When developing your guest list, create an excel spreadsheet or use a wedding planning software program that gives you organization and you can also track thank you notes and RSVP's here as well. Here are some pointers to consider when you're finalizing your guest list:
- Think about what type of reception you would like to hold, sit down, buffet, hor's doeurves, cocktail, as this will help you determine how much you will likely be spending per person. Do you want your wedding to be intimate, or a big gala for everyone you know to attend? Take a look at the budget that you have determined, whether it is you and your fiance' footing the bill, or if all parties are a part of the plans. Knowing your budget is going to help you determine how many people you can have. A $10,000 budget is not going to be feasible for a sit-down dinner for 200 people. It's just not feasible.
- When you're putting your list together after determining your budget think about those people on your first developed list. Have you seen or talked to these people in the last six months? Do you have a close relationship with these people? If you have a list that everyone has contributed to and you see that your budget is not going to be a feasible amount, continue to whittle your list down to a number that you're comfortable with within your budget.
- Also, consider if you're going to have children to be a part of the wedding. If not, will you provide babysitting services for them? Typically guests should know that if the children's names aren't on the invitation they aren't invited, however not all guests pick up on that or know that form of etiquette. It is considered to be against etiquette to put "Adults Only" on your invite.

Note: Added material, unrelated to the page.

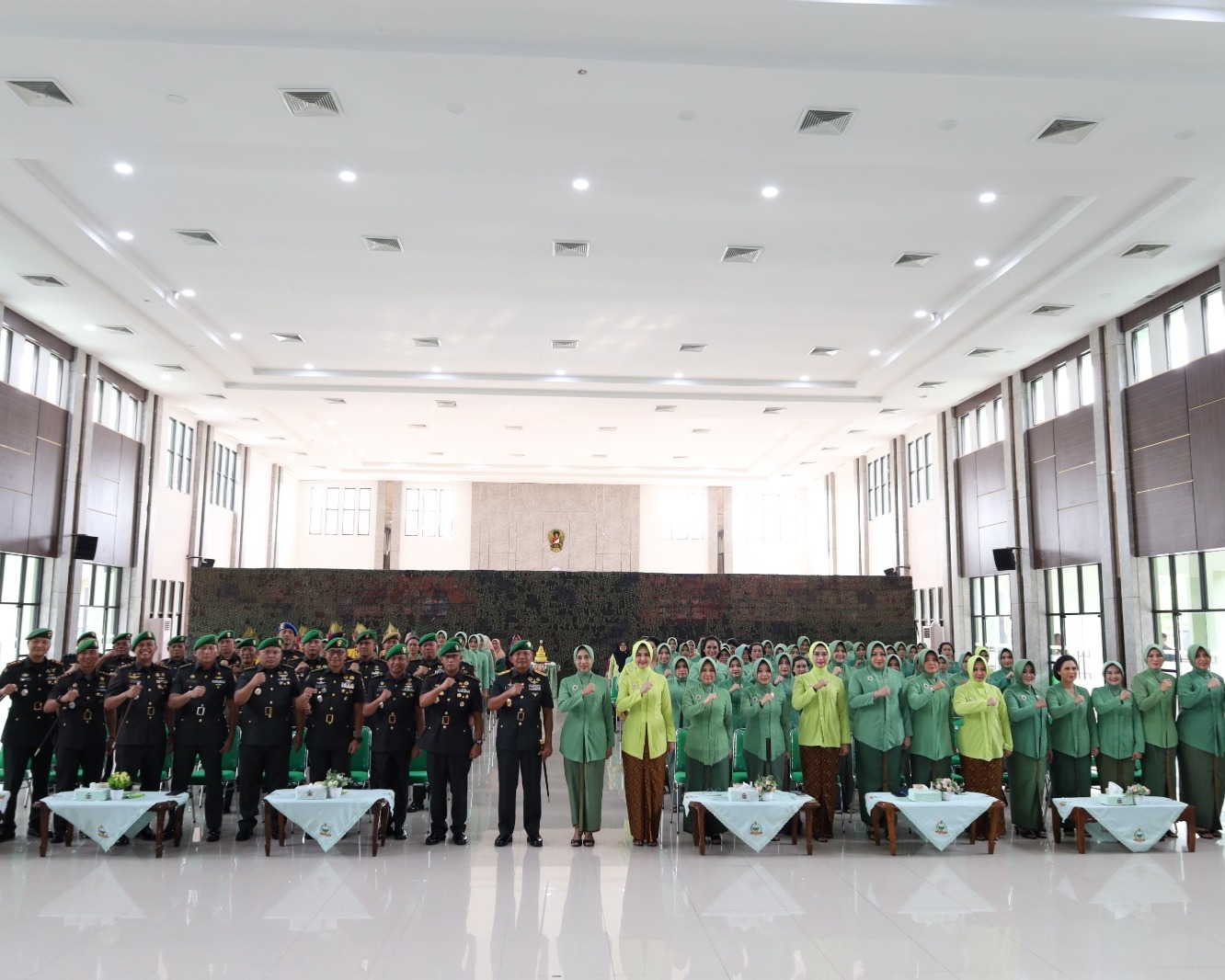 Danrem 031/WB Hadiri Puncak Peringatan HUT Ke-79 Persit Kartika Chandra Kirana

- Don't let your emotions get involved in choosing who will stay and who will go. Weddings are a lot of money and do consider that if you want to have everyone you know and love there, you may be footing a lot more money than you had desired. Do keep in mind that people understand that weddings cost money. They will understand.
- What about an "A" and "B" list for guests. This is a sticky situation because what if one friend gets an invite and another doesn't and they find out. Then weeks later they receive an invite... they're going to know. The postal service isn't that slow. Don't put yourself in this situation to possibly offend and break relationships. See this an opportunity to save money if someone says no.
- Some couples have asked, if I invite them to my shower, does that necessarily mean they have to be invited to the wedding. That is a big YES! You can't invite guests to the shower, and receive a gift, and not invite them to the wedding. This is most definitely applicable to the shower that your bridesmaid's or close family my throw for you. Another question commonly asked by brides is if their co-workers through them a shower are they obligated to invite. Not at all. This was a choice for them to throw the shower and don't feel that you're obligated to invite them to the wedding, but don't forget them in your list of Thank You notes.
up next - The tedious boring task of floor plans...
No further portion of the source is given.